Appellant-plaintiffs brought this action, alleging a variety of claims arising from their purchase of certain townhouses. On the morning of trial, the parties reached an oral settlement agreement and this agreement was dictated into the record. However, appellants subsequently moved to have their case against appellee-defendants reset for trial, contending that the oral settlement agreement was unenforceable. The trial court denied the motion, finding that the parties’ oral settlement agreement was a valid and binding contract. Appellants appeal from the order of the trial court upholding the *502 settlement agreement and refusing to reset the case for trial.
1. That the settlement agreement was oral rather than written has no bearing on its enforceability. “ ‘Under Georgia law, “(a) definite, certain and unambiguous oral contract of settlement of a pending cause of action is a valid and binding agreement. . . .” [Cits.]’ [Cit.]”
Mason v. Rabun Waste,
2. As to appellee Brewer, the settlement agreement provided, in relevant part, that he was to bear the cost of making certain repairs to appellants’ townhouses, which repair work would be approved by a designated engineer, Charles Sharitz. The agreement further provided only that the repairs were to be performed by a contractor who was “mutually agreeable to the parties” and who would then be approved by Sharitz. There was no agreement expressed as to whether appellee Brewer or appellants would pay Sharitz’s fees.

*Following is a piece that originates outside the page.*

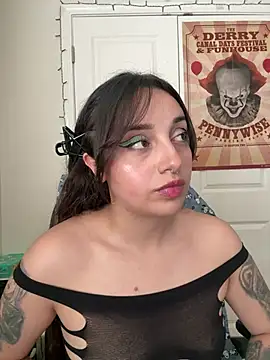 CharmingMaddie online show from 04/23/26, 05:03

As noted previously, an oral settlement agreement must be
definite, certain and unambiguous. Mason v. Rabun Waste,
supra. “For such an agreement to be binding on the parties it should be clear that it is full and complete,
covers all issues,
and is understood by all litigants concerned.” (Emphasis supplied.)
Cross v. Cook,
The oral settlement agreement provided only that the repairs to appellants’ townhouses were to be made by a “mutually agreeable” contractor who would then be approved by Sharitz. “Mutually agreeable” is an entirely subjective standard and the agreement did not otherwise provide any objective criteria for the selection of a contractor. Under the agreement, appellee Brewer could reject any and all contractors who might be nominated by appellants or appellants could reject any and all contractors who might be nominated by appellee Brewer and, in neither event, would such a rejection be considered an actionable breach of contract. Either appellee Brewer or appellants would be entitled to assert that the other’s nominated contractor was simply not an “agreeable” selection and there would be no legal basis for enforcing the selection of that contractor as against the non-nominating party. See generally
Stone Mtn. Properties v. Helmer,
Even though Sharitz’s participation in the proposed repair work was clearly essential to the settlement agreement, the agreement likewise did not specify who was to pay his fees for that participation. “A contract is an agreement between two or more parties for the doing or not doing of some specified thing.” (Emphasis supplied.) OCGA § 13-1-1. “ ‘Specify’ means, ‘to mention or name in a specific or explicit manner; to tell or state precisely or in detail.’ [Cit.]” Gray v. Aiken, supra at 652 (1). This failure of the agreement to specify whether Sharitz’ fees were to be paid by appellee Brewer or appellants renders the settlement agreement indefinite and unenforceable. The record clearly shows that appellee Brewer and appellants anticipated future negotiations as to this issue and that no mutual agreement was ever reached.
Since the oral settlement agreement was uncertain, incomplete and unenforceable with regard to the selection of a contractor and the payment of Sharitz’s fees, the trial court erred in upholding the settlement agreement as against appellee Brewer and erred, therefore, in refusing to reset the case for trial as against him.
3. Appellants’ settlement with appellees Home Federal Savings & Loan Association (Home Federal) and Mews Development Company (Mews) was separate from their settlement with appellee Brewer. Unlike appellants’ release of appellee Brewer, the release of appellees Home Federal and Mews was not subject to any future negotiations as to terms. Instead, the record shows that, as to these two appellees, there was no uncertainty or indefiniteness as to their release and that appellants agreed to the immediate and unequivocal dismissal of the case as against them. Accordingly, the trial court did *504 not err in upholding the settlement agreement as against appellees Home Federal and Mews and, therefore, did not err in refusing to reset the case for trial as against them.
4. The order of the trial court is affirmed as to appellees Home Federal and Mews. The order of the trial court is reversed as to ap-pellee Brewer, with direction that the trial court take such further action as may be necessary to effectuate this opinion, including the determination of what portion of any sums previously paid to appellants by appellee Brewer in partial consideration of the unenforceable settlement agreement must now be returned to him. See
Fender v. Hendley,
Judgment affirmed in part and reversed in part with direction.